This point seems under appreciated by the AGI proponents. If one of our models suddenly has a brainwave and becomes generally intelligent, it would realize that it is awash in a morass of contradictory facts. It would be more than the sum of its training data. The fact that all models at present credulously accept their training suggests to me that we aren’t even close to AGI.
In the short term I think two things will happen: 1) we will live with the reduced usefulness of models trained on data that has been poisoned, and 2) the best model developers will continue to work hard to curate good data. A colleague at Amazon recently told me that curation and post hoc supervised tweaks (fine tuning, etc) are now major expenses for the best models. His prediction was that this expense will drive out the smaller players in the next few years.
Is this true?
So many on HN make these absolute statements about how LLMs operate and what they can and can't do, that it seems like they fail harder at this test than any other.
It is just autocomplete.
They can't generalize.
They can't do anything not in their training set.
All of which are false.
This is the entirety of human history, humans create this data, we sink ourselves into it. It's wishful thinking that it would change.
> 2) the best model developers will continue to work hard to curate good data.
Im not sure that this matters much.
Leave these problems in place and you end up with an untrustworthy system, one where skill and diligence become differentiators... Step back from the hope of AI and you get amazing ML tooling that can 10x the most proficient operators.
> supervised tweaks (fine tuning, etc) are now major expenses for the best models. His prediction was that this expense will drive out the smaller players in the next few years.

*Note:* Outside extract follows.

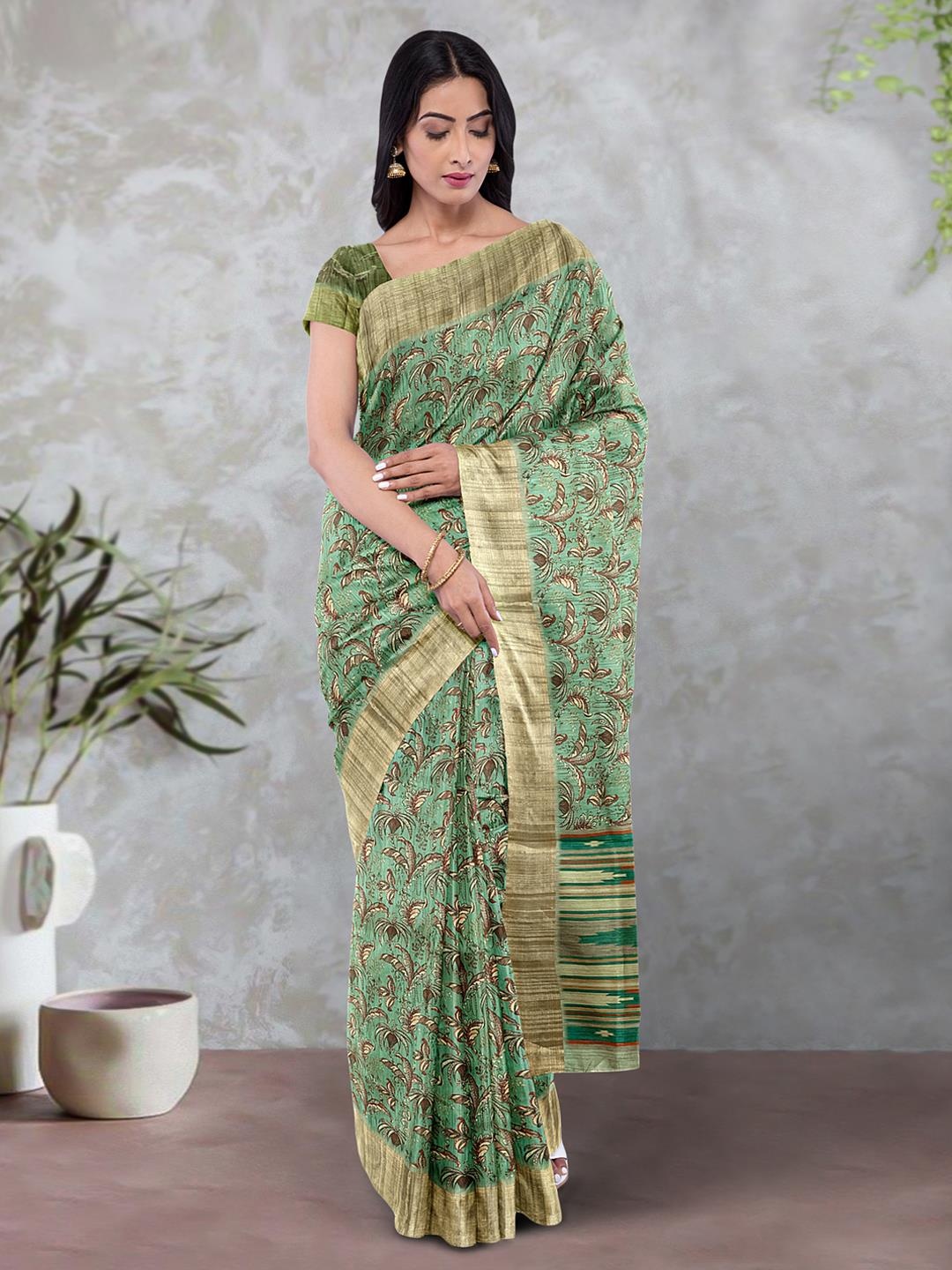 

Kalamandir Floral Printed Zari Saree, Sea green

This kills more refined AI. It is the same problem that killed "expert systems" where the cost of maintaining them and keeping them current was higher than the value they created.
Lets take something that has been in the news recently: https://abcnews.go.com/Business/wireStory/investors-snap-gro...
"Nearly 27% of all homes sold in the first three months of the year were bought by investors -- the highest share in at least five years, according to a report by real estate data provider BatchData."
That sounds like a lot... and people are rage baited into yelling about housing and how it's unaffordable. They point their fingers at corporations.
If you go look at the real report it paints a different picture: https://investorpulse1h25.batchdata.io/?mf_ct_campaign=grayt... -- and one that is woefully incomplete because of how the data is aggregated.
Ultimately all that information is pointless because the real underlying trend has been unmovable for 40 something years: https://fred.stlouisfed.org/series/RSAHORUSQ156S
> every time they unthinkingly repeat propaganda
How do you separate propaganda from perspective, facts from feelings? People are already bad at this, the machines were already well soiled by the data from humans. Truth, in an objective form, is rare and often even it can change.